Erlesener Quatsch mit Uwe Becker und Benjamin Weissinger

Satire-Lesung am Freitagabend im Kontakthof.

Erlesener Quatsch mit Uwe Becker und Benjamin Weissinger
Foto: Stefan Fries

Der Titel war Programm, schreibt man ja gerne. Doch so leicht machen sie es einem nicht, die Herren Satiriker: „Melodicas sind die Klarinetten der Gefühle“ hatten Uwe Becker und Benjamin Weissinger ihren Abend im Kontakthof musikalisch genannt, und wenn das eines nicht war, dann Programm. Machte aber gar nichts - selbst wenn es am Ende nicht doch noch ein Liedchen gegeben hätte.

Becker, Chef des „Italien“-Magazins und WZ-Kolumnist, hat viele Fans in der Stadt, die ihn zu Anlässen wie diesem auch einmal hören dürfen. Weissinger entdeckte er vor vier Jahren im Internet, wo der eine treue Fangemeinde hat. Beide schreiben erlesenen Quatsch - aber ziemlich unterschiedlichen, wie am Freitagabend leicht zu hören war: „Am ersten April ging ich mit meinem Hund spazieren. Ich habe zwar keinen Hund, aber es liest sich einfach schöner.“ So begann ein Becker-Text mit mehr oder weniger realistischem Inhalt.
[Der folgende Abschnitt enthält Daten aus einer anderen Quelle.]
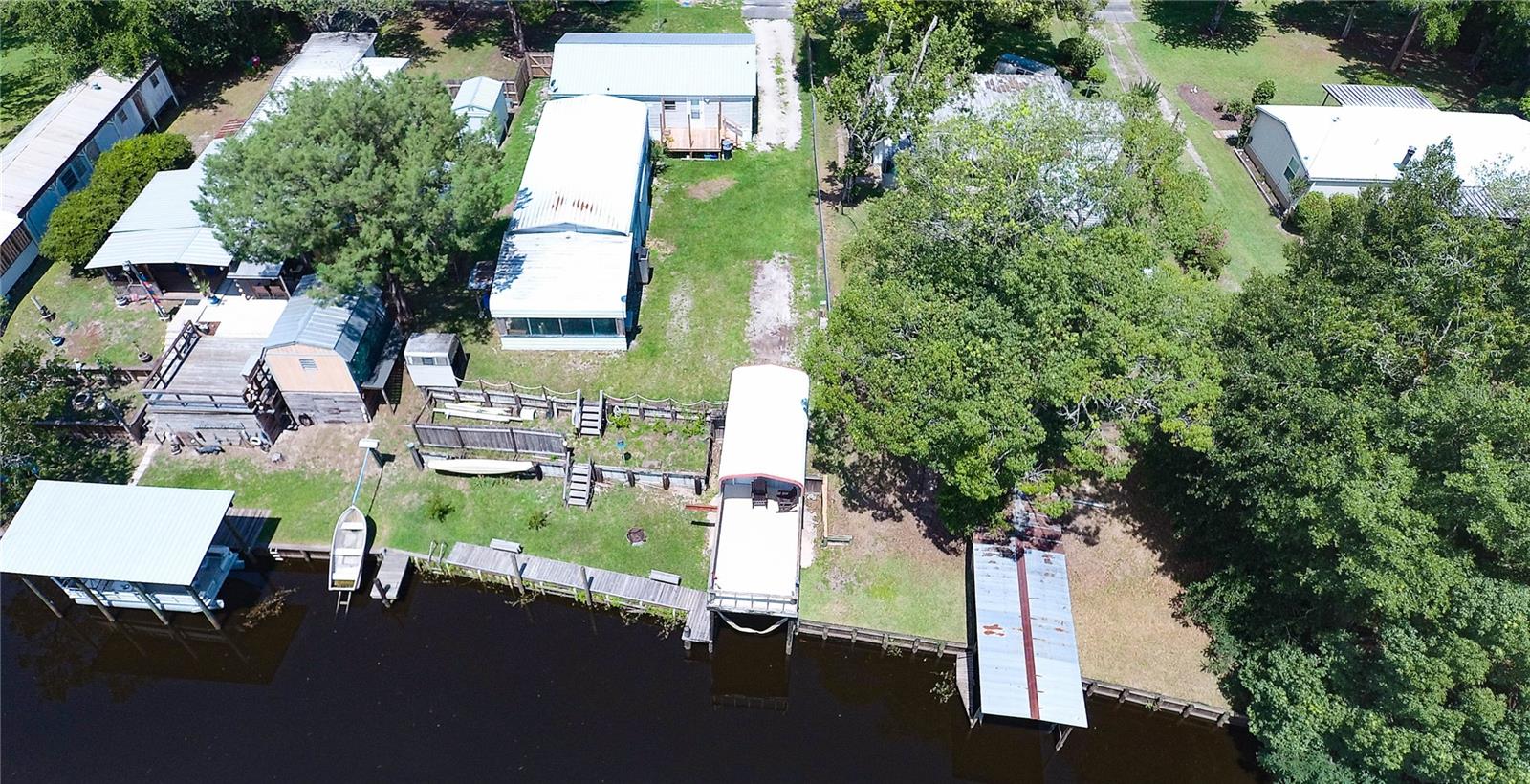 Image 50 of 53 For 104 Waterway Avenue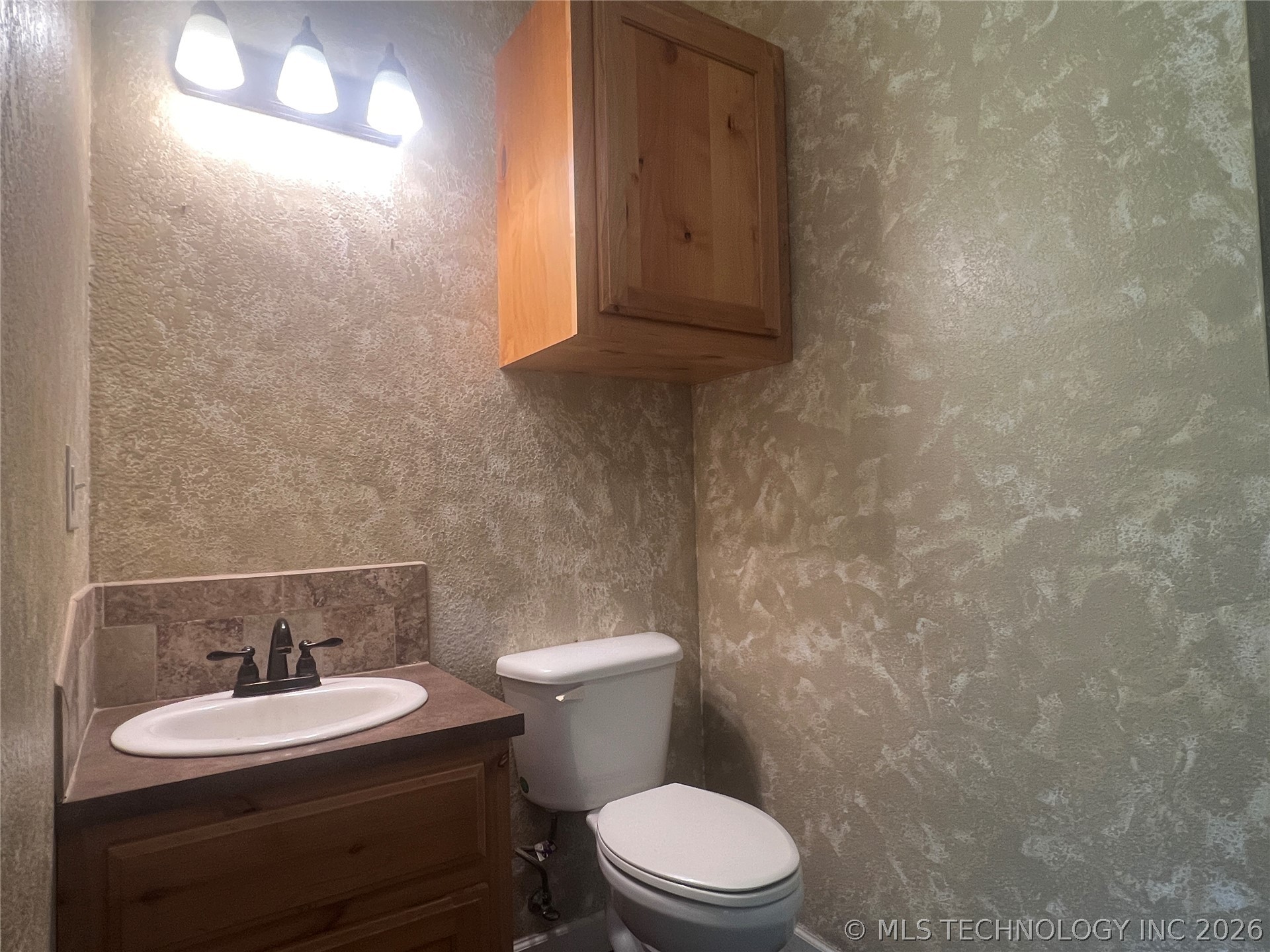 220 Willow Lane Hartshorne OK 74547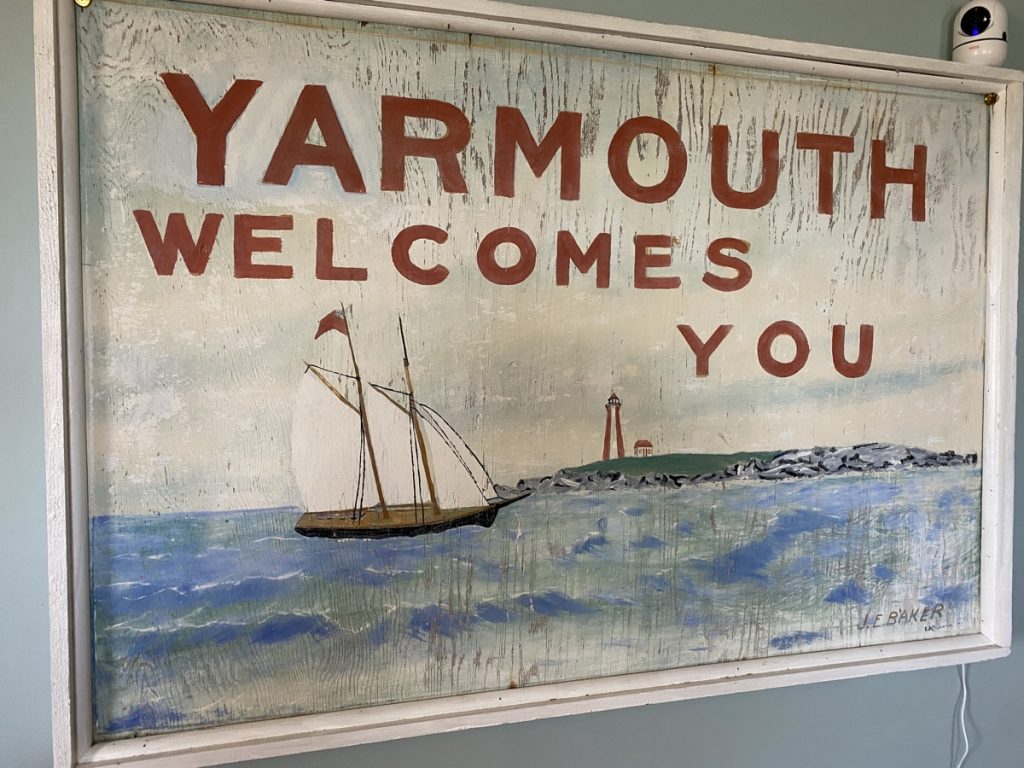 yarmouth welcomes you sign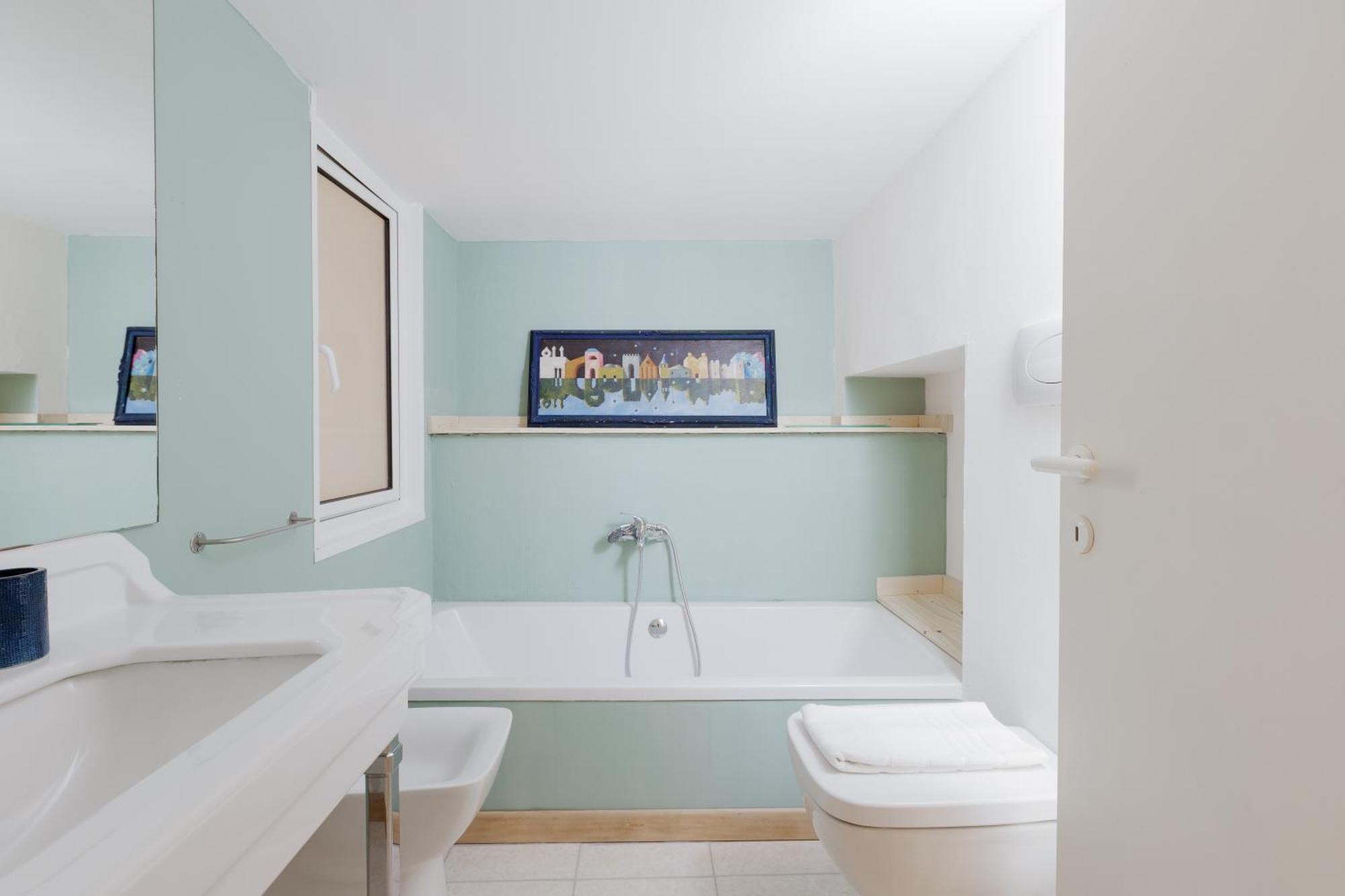 Sant'agostino - Charming Retreat 210m From M2 Apartment Milan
Dagegen ein Weissinger-Einstieg: „Für ein Jahr war ich ein Porree. Anfangs war es eine große Umstellung, aber dann ging’s.“ Bowlen mit Melonen, ein Glas Bratensoße im Lokal oder ein Seifenspender, der die Hände mit Kaffee verbrüht: Alles bei ihm nicht weiter erstaunlich. „Zum versalzenen Essen“ hieß in einem Text ein Lokal, eigentlich ein Ehedramolett nicht ohne Tragik; ähnlich die Frau, die Maracuja heißt und irgendwie ja doch will, dass ihr Schwarm sie darauf anspricht. Weissingers Mikroprosa spielt zwar durchaus in der Alltagswelt, biegt aber verlässlich schräg ab ins Surreale. Das kann dann ein Schlaglicht auf reale Zumutungen werfen - wie aus dem Sportunterricht: Als sich da ein Schüler verletzt, holt der Lehrer einen gusseisernen Erste-Hilfe-Kasten aus dem ja immer absurd schweren Medizinball.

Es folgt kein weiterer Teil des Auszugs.